POS Candy Bar - sm - © ?

Dr. Obvious: Fight Obesity With POS Regulations!

Once again, the City of Berkeley, California, has taken what seems like an obvious step to try to combat obesity across its health-conscious population. It’s given provisional go-ahead for a new municipal regulation prohibiting sales of junk food at checkout line locations in ‘large’ supermarkets and similar stores…

Candy Bar POS DIsplay - © ?

Dr. Obvious called last night all excited that after mere decades of ‘waiting for the other Candy Bar to drop’, an American city has become the first in North America to vote to prohibit Point of Sale (POS), or checkout line sales of junk food in an effort to help curb the rampaging obesity crisis.

Berkeley, California, City Council members last week gave unanimous first-phase approval to a new regulation that would ban sales of Candy Bars, Chips and other high-Salt, high-Fat, high-Calorie foods at Point of Sale in larger supermarkets, ‘Drug’ stores and similar outlets. Berkeley previously became the first American city to apply a Sugar Tax to Sugar-sweetened beverages and other fattening treats in an effort to encourage healthier eating habits and stem the obesity explosion that is costing health care systems across the developed world hundreds of billions of dollars a year to treat.
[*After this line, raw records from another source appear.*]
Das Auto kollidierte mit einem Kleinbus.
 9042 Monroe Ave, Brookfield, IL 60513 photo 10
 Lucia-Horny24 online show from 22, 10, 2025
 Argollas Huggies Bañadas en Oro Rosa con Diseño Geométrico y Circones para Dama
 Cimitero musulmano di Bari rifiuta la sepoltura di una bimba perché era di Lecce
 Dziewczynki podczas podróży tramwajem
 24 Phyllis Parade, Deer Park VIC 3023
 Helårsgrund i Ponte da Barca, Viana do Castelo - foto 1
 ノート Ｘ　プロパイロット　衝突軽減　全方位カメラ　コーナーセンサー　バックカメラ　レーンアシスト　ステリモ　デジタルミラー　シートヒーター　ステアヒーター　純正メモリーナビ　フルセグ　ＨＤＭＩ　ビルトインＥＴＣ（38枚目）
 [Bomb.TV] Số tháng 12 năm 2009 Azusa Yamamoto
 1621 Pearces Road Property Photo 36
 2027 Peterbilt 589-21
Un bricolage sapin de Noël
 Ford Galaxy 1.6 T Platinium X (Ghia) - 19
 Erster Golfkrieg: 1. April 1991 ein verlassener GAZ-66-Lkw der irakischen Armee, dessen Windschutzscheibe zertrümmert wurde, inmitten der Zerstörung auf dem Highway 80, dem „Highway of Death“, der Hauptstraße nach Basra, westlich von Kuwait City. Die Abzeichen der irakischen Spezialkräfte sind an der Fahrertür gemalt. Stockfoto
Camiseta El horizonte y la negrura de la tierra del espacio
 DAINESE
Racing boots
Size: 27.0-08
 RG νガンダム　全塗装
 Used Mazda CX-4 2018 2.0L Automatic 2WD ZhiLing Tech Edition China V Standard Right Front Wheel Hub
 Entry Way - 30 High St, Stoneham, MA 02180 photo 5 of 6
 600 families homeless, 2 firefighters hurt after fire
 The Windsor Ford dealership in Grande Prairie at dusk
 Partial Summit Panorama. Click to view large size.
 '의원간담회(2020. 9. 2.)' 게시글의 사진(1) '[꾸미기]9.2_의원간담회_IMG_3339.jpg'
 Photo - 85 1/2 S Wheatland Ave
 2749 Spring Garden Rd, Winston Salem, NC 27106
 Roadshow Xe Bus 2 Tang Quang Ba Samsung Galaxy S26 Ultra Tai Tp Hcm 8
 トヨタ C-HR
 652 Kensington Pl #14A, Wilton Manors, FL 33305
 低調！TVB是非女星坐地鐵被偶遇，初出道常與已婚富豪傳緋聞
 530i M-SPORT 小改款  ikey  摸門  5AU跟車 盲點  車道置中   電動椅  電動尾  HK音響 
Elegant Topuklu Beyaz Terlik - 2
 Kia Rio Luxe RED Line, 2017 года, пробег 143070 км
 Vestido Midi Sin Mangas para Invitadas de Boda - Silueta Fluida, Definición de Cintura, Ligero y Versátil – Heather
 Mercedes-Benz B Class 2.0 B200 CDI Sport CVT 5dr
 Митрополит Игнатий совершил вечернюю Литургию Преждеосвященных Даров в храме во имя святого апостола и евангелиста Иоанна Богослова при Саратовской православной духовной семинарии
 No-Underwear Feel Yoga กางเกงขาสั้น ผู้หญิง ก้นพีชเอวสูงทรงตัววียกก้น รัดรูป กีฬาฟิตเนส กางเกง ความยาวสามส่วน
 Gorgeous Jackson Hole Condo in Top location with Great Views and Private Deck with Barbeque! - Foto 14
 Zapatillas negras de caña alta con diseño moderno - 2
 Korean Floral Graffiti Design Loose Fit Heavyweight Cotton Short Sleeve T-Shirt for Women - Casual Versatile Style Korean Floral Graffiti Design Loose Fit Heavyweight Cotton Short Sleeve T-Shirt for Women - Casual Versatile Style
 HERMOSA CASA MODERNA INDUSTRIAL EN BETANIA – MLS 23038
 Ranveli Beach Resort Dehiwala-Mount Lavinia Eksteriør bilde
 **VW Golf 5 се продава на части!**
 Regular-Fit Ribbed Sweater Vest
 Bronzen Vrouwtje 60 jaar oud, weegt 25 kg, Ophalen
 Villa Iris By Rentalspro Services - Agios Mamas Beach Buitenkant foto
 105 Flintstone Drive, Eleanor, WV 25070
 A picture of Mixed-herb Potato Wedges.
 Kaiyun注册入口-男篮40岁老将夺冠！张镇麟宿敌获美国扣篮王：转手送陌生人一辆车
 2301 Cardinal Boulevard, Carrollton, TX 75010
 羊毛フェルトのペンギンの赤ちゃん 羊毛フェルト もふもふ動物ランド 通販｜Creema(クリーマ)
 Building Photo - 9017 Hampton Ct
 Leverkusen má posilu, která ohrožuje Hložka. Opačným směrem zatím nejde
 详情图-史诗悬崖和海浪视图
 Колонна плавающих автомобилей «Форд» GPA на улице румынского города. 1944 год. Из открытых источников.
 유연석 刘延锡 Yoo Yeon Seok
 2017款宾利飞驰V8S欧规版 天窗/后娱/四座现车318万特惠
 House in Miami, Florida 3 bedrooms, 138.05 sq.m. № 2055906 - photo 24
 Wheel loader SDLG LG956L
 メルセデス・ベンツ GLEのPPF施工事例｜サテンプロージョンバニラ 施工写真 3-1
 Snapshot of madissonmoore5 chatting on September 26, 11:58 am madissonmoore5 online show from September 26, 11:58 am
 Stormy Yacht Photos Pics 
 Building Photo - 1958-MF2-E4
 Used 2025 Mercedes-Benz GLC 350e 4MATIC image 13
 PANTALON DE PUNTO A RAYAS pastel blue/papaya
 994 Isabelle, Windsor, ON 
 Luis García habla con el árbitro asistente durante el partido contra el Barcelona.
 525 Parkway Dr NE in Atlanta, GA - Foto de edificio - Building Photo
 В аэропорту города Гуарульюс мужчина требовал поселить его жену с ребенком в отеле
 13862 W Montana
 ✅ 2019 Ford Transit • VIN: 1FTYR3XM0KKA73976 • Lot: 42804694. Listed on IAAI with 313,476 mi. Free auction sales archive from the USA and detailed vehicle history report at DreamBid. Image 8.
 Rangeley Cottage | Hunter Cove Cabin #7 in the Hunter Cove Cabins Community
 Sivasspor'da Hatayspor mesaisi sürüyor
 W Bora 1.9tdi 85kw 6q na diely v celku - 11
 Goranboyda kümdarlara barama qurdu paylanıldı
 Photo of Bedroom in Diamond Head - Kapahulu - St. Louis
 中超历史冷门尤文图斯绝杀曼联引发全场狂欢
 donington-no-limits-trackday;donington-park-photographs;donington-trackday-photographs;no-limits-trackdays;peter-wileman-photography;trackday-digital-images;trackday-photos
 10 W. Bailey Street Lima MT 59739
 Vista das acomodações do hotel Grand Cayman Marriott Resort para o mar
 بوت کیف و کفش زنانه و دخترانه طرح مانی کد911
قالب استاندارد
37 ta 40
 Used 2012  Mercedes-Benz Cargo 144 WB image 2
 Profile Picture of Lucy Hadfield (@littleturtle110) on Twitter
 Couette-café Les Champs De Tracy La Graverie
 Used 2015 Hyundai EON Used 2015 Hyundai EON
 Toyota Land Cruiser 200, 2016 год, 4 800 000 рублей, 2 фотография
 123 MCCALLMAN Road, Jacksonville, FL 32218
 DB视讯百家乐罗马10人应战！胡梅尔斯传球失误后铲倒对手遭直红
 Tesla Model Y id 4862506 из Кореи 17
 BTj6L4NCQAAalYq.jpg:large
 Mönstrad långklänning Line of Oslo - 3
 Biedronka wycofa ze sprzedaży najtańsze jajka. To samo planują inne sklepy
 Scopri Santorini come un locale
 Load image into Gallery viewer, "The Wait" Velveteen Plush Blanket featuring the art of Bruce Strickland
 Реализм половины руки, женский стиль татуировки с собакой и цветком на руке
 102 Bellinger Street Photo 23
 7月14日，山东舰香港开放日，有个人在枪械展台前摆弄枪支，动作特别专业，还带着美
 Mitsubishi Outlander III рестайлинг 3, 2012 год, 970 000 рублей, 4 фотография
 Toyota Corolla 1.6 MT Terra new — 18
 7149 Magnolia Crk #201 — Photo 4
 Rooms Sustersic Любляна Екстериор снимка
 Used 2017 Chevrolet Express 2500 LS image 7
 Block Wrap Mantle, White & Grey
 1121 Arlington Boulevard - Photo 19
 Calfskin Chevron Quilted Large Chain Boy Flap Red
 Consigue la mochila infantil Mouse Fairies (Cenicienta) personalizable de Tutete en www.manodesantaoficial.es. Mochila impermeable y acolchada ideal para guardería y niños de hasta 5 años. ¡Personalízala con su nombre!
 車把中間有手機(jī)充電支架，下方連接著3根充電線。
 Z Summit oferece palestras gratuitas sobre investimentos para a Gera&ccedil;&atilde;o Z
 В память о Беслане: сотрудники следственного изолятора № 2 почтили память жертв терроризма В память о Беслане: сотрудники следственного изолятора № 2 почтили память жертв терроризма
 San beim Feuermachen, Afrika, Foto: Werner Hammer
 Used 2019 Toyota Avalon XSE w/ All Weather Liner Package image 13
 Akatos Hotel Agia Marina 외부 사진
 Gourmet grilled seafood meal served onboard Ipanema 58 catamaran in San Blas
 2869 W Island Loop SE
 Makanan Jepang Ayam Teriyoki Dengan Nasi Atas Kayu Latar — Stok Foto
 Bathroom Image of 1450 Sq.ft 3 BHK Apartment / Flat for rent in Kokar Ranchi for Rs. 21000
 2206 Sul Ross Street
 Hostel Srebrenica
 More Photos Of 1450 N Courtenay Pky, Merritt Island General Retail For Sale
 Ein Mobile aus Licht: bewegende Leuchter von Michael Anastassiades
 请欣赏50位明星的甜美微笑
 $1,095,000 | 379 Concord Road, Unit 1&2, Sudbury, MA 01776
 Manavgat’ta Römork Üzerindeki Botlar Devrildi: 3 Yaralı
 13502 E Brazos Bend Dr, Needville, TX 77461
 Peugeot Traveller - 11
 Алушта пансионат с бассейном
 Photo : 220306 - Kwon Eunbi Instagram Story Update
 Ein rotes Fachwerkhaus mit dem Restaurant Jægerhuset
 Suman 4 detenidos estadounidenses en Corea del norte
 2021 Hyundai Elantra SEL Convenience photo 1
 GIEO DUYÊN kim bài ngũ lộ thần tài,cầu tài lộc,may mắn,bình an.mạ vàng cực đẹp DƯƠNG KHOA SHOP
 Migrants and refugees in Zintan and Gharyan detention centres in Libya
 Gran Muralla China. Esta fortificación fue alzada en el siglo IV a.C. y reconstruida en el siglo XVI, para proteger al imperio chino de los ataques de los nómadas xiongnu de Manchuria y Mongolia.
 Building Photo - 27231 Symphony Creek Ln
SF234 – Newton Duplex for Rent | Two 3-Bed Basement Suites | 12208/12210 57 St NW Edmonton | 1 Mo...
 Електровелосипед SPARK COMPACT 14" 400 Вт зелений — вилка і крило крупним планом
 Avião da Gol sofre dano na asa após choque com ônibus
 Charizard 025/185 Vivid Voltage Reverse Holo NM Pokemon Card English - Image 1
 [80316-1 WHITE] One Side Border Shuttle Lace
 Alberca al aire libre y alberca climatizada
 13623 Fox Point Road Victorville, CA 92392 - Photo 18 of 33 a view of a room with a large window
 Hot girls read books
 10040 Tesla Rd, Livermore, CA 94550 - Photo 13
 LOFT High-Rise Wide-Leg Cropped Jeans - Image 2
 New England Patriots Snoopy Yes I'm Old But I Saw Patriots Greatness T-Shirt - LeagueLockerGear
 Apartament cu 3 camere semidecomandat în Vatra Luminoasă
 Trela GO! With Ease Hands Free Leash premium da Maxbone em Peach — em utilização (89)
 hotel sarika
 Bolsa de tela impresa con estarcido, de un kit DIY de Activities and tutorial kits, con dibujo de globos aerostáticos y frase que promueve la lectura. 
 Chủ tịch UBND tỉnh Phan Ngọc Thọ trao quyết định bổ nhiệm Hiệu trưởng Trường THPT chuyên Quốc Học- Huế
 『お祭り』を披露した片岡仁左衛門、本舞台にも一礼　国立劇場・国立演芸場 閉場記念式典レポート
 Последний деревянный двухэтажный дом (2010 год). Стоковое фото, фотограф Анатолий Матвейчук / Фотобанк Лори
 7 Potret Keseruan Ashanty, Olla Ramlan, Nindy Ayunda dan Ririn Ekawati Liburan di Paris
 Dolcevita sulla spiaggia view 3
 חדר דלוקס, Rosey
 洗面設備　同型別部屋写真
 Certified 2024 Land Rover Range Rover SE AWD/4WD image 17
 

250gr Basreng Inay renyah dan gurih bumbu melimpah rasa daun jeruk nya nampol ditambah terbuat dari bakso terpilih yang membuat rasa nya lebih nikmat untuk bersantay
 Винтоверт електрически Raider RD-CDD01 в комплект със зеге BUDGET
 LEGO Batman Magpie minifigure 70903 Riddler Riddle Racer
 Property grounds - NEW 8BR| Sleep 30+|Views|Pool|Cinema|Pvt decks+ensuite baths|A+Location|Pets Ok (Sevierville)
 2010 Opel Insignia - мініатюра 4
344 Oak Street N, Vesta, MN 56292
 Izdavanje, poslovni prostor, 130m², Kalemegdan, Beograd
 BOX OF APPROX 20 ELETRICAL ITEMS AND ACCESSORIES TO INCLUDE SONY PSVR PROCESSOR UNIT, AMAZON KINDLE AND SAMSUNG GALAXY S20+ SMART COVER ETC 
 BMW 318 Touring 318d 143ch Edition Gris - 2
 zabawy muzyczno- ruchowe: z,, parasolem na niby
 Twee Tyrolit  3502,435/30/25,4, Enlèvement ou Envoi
In the final analysis, after several other cities around the world had already followed suit, the Sugar Tax program proved at least partially successful in addressing the so-called obesity epidemic, but it remained to be seen whether it had permanently changed the eating habits of a large portion of the population; had effected real change.

Reverse-engineering the obvious

In a move that Dr. Obvious describes as ‘reverse-engineering the obvious’, Berkeley’s City Fathers (and Mothers) hope to reduce the ‘impulse buying’ of unhealthy snacks and treats.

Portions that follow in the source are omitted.